O livro de Ademir Assunção e Sandro Saraiva é um dos que inaugura o selo Cobalto, de Vanderley Mendonça, da prestigiada Demônio Negro. A ideia é publicar traduções inéditas em português ou há muito esgotadas, além de autores brasileiros contemporâneos. Além do volume que ora comento, comparecem à festa de inauguração os seguintes títulos: “Para Dentro”, da mineira Simone Andrade Neves, “De Amor & Morte”, do próprio Vanderley Mendonça, “O Paraíso dos Gatos”, do francês Émile Zola (1840-1902), “Berthe, a contrita”, do também francês Honoré de Balzac (1799-1850), e “As Quadras de Valais”, do alemão Rainer Maria Rilke (1875-1926), escrito originalmente em francês. Os volumes têm preço médio de R$ 35,00 – preços mais acessíveis são outra intenção do selo.

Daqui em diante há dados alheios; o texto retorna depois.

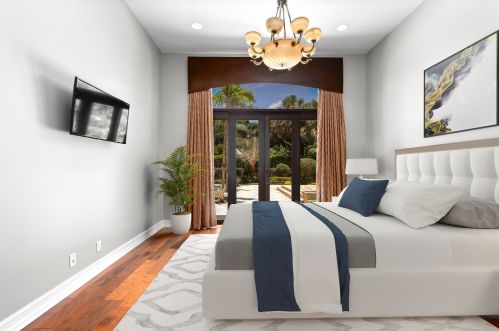 17800 Ky Vis Way, Boca Raton FL exterior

Entre os títulos programados para os próximos meses estão “O Zoológico”, do norte-americano Edward Albee (1928-2016), “Crimes  Exemplares”, do francês Max Aub (1903-1972), “Cherri”, da francesa Sidonie-Gabrielle Colette (1873-1954), “Azul”, do nicaraguense Rubén Darío (1867-1916), “O Monogramático”, do mexicano Octávio Paz (1914-1988), e “Escorpião e Félix”, do alemão Karl Marx (1818-1883). Um baita catálogo, para começo de conversa.

Serviço: A noite de autógrafos de Espelhos, de Ademir Assunção e Sandro Saraiva, acontece neste sábado (7), às 19h, na Ria Livraria (Rua Marinho Falcão, 58, São Paulo/SP).